Friday 19 June 2009

Yummy Mummy Envy

I always reckon I've done quite well if I manage to have a shower, find some vaguely matching underwear and remember both kids and my bag when I'm leaving the house. So, I was feeling pretty smug this morning when I arrived at toddler play just after it opened instead of running in sweating for the last few minutes.

All thoughts of smugness evaporated when a vision of yummy mumminess swanned through the door and put my poor efforts at hair (scraped back), make-up (none) and outfit (well, it was clean) to shame. Dressed in a crisp, dazzling white linen dress with a long sparkly bead necklace, matching hairband and silver sequinned pumps, the woman had two small kids with her and a third on the way - I'd guess she was about six months' pregnant.
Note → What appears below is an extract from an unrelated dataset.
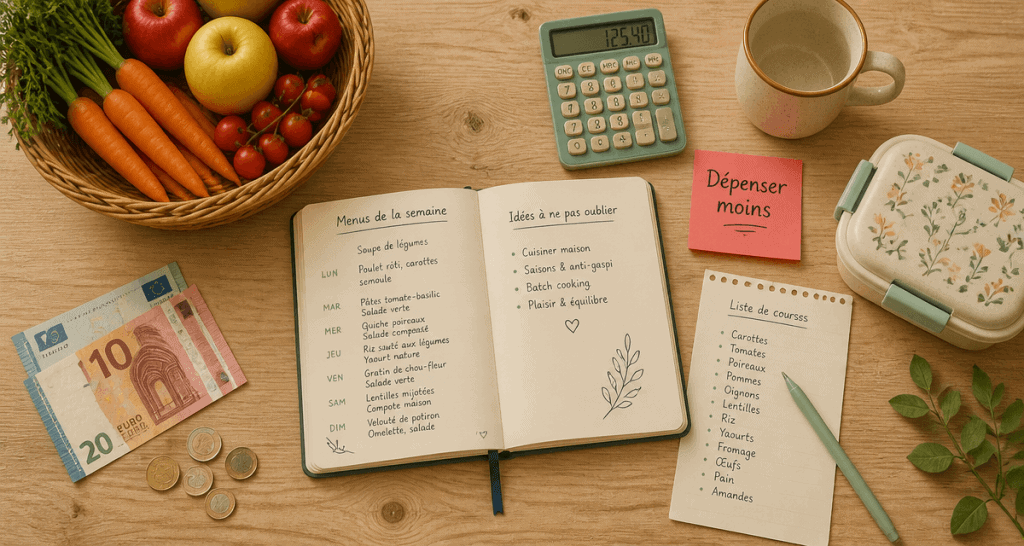 depenser moins organisation courses budget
I had to do a double take as I thought Charlotte from Sex and the City had just swanned into playgroup. If I ever had anything white in my wardrobe, it's now turned into the uniform sludge colour of washing that doesn't get sorted into colour groups. I'd certainly never dream of wearing a white dress within a mile of my kids. As it is, I'm usually liberally doused in snot, food and various other child-related goo before we make it anywhere near the public. And how on earth she managed to find the time and space to contemplate, choose, and put on accessories is just beyond me.

You know what they say: "behind every cool, calm and collected mum is a full-time nanny".